* [Data provided]:

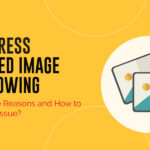 WordPress featured image not showing – The Probable Reasons and How to Resolve this Issue?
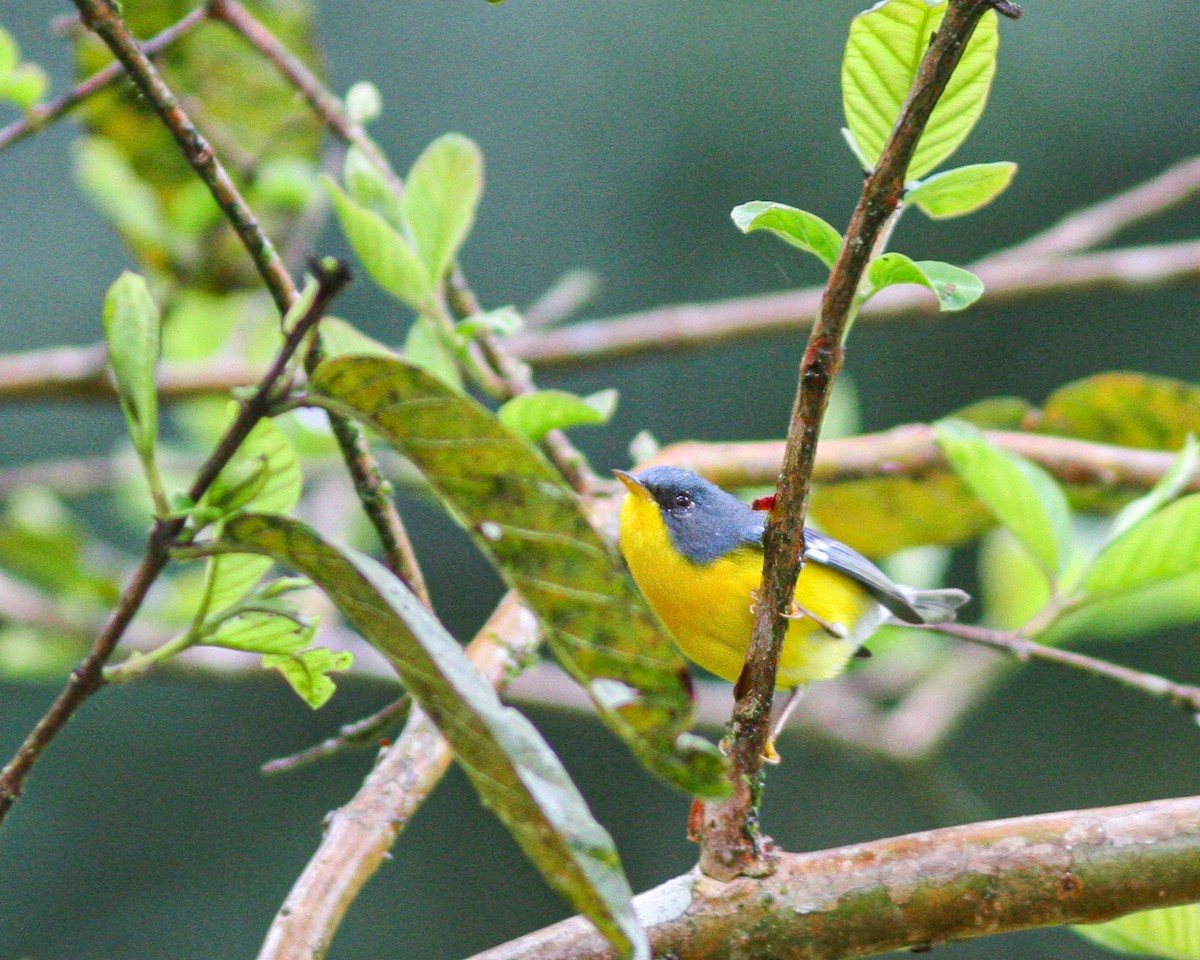 Tropical Parula - Per Smith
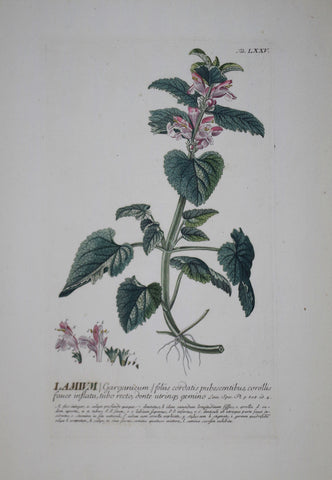 Georg Ehret (1708-1770), Lamium tab LXXV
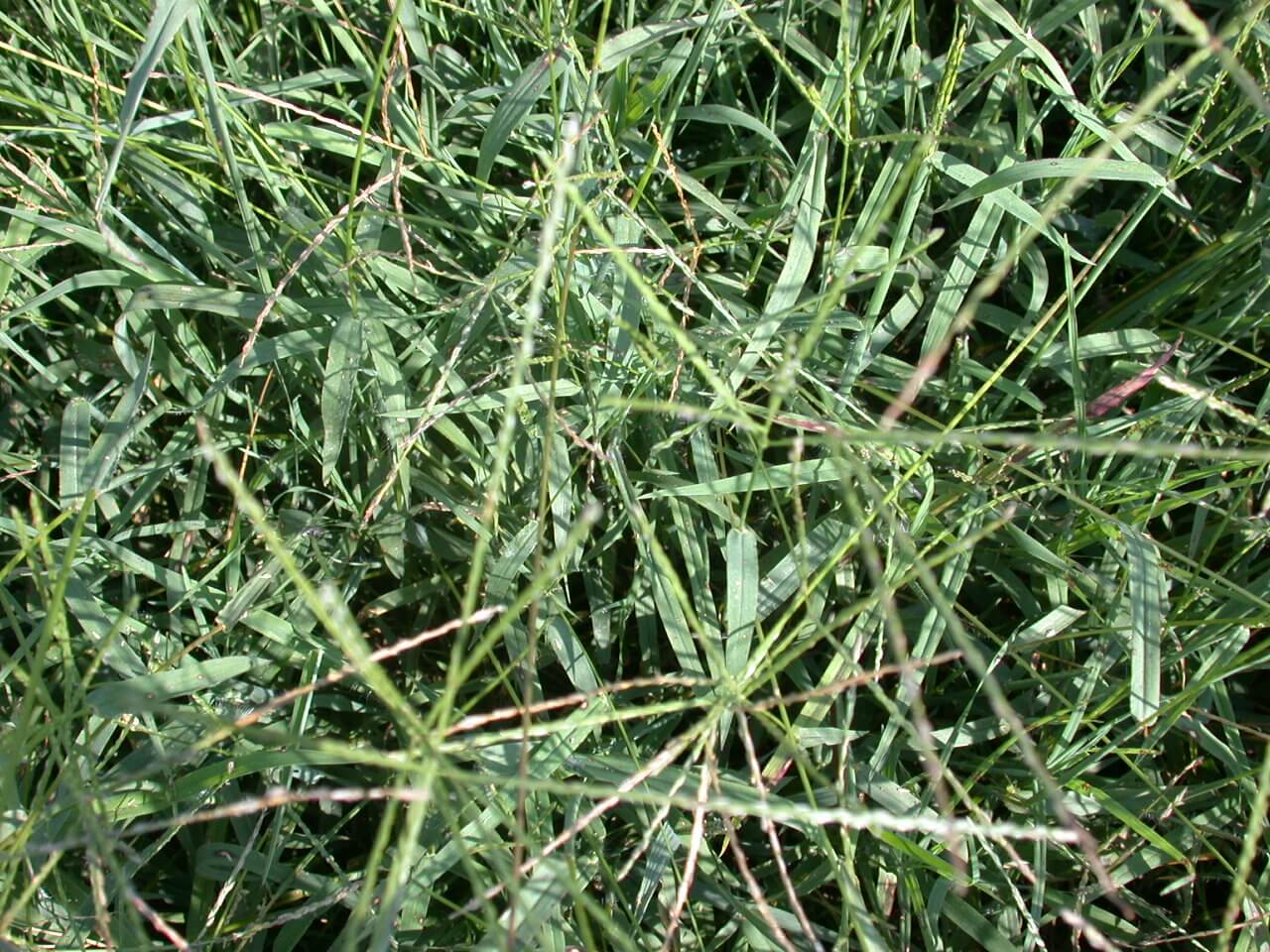 Crabgrass Foliage Crabgrass Foliage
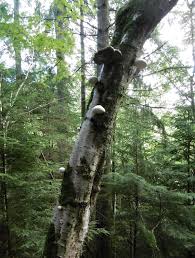 Attēlu rezultāti vaicājumam “Piptoporus betulinus”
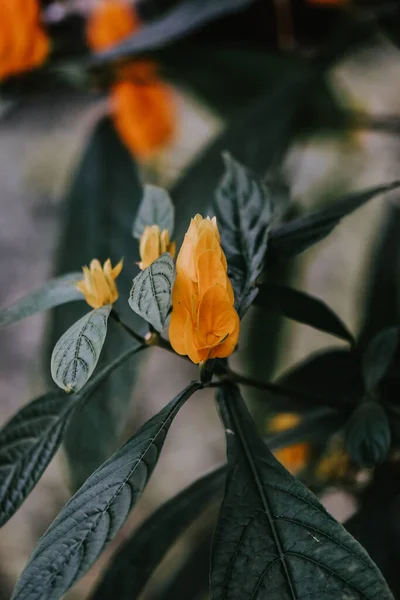 Vertical Shot Yellow Pachystachys Flowers Growing Botanical Garden Iasi Romania — Fotografia de Stock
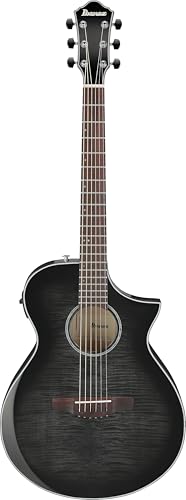 Ibanez AEWC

* [Exercise requirements]: Pictures stay out, and every line of the records is transcribed exactly.

* [Exercise output]:
 WordPress featured image not showing – The Probable Reasons and How to Resolve this Issue?
 Tropical Parula - Per Smith
 Georg Ehret (1708-1770), Lamium tab LXXV
 Crabgrass Foliage Crabgrass Foliage
 Attēlu rezultāti vaicājumam “Piptoporus betulinus”
 Vertical Shot Yellow Pachystachys Flowers Growing Botanical Garden Iasi Romania — Fotografia de Stock
 Ibanez AEWC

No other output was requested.